▶ **EXERCISE DIRECTIONS**: Transcribe the whole listing below without changing a word, but leave out every image.

▶ **SOURCE MATERIAL**:

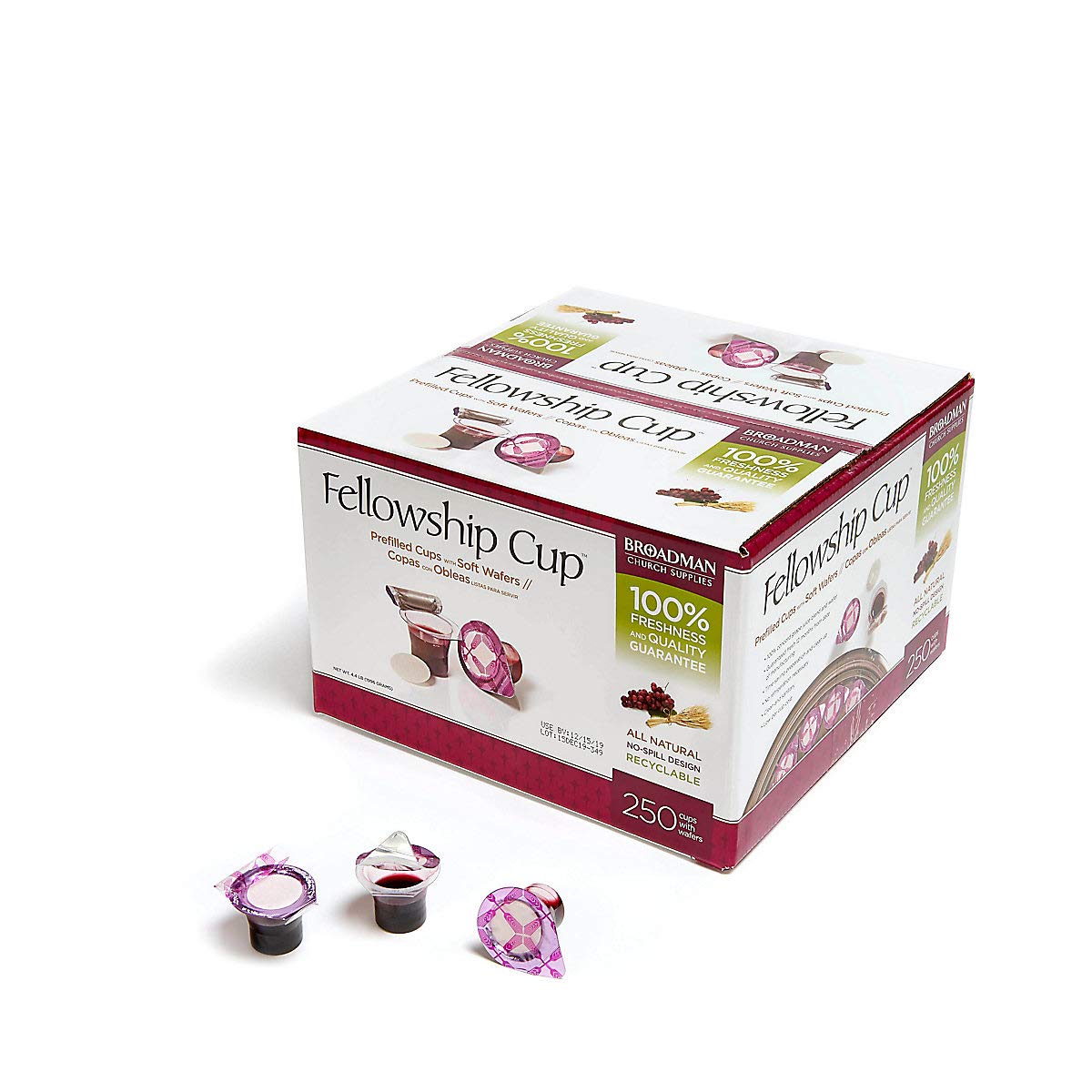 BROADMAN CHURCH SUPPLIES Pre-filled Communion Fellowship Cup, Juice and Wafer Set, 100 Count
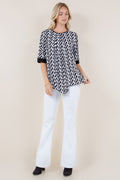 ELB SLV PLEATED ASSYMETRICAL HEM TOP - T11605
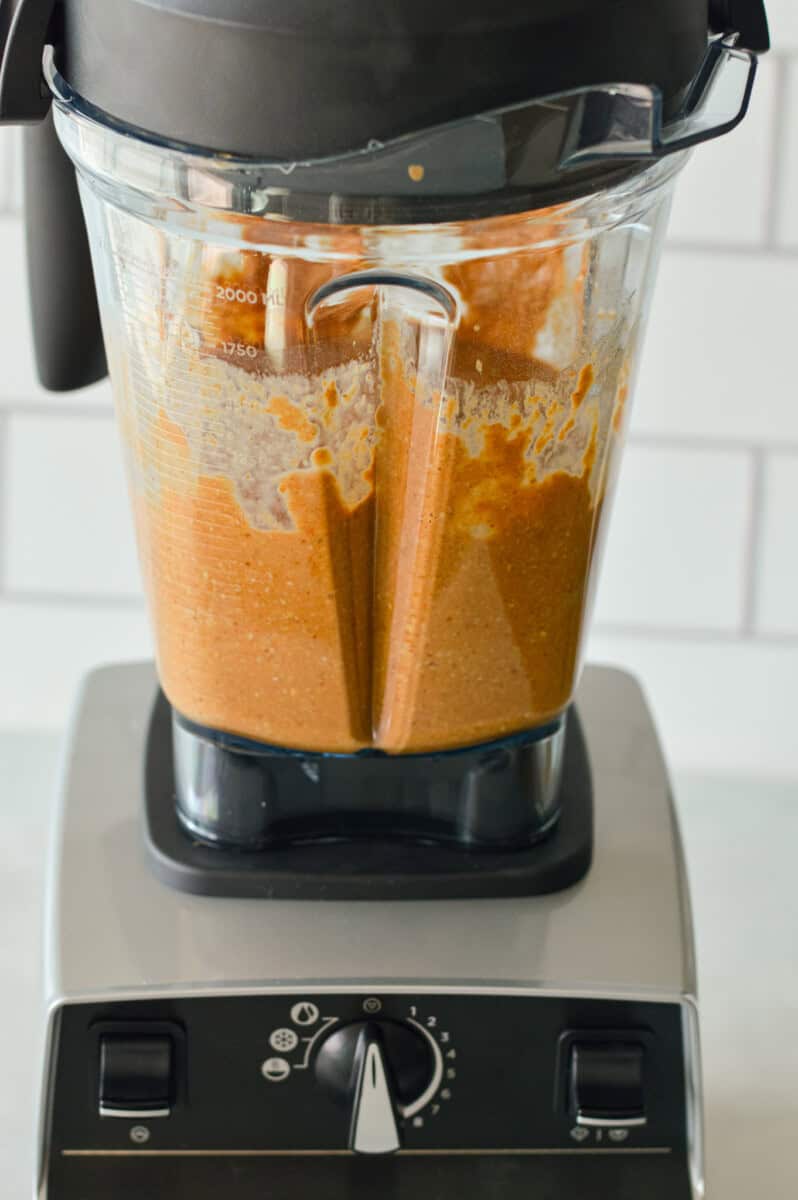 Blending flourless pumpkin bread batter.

▶ **EXPECTED ANSWER**:
 BROADMAN CHURCH SUPPLIES Pre-filled Communion Fellowship Cup, Juice and Wafer Set, 100 Count
 ELB SLV PLEATED ASSYMETRICAL HEM TOP - T11605
 Blending flourless pumpkin bread batter.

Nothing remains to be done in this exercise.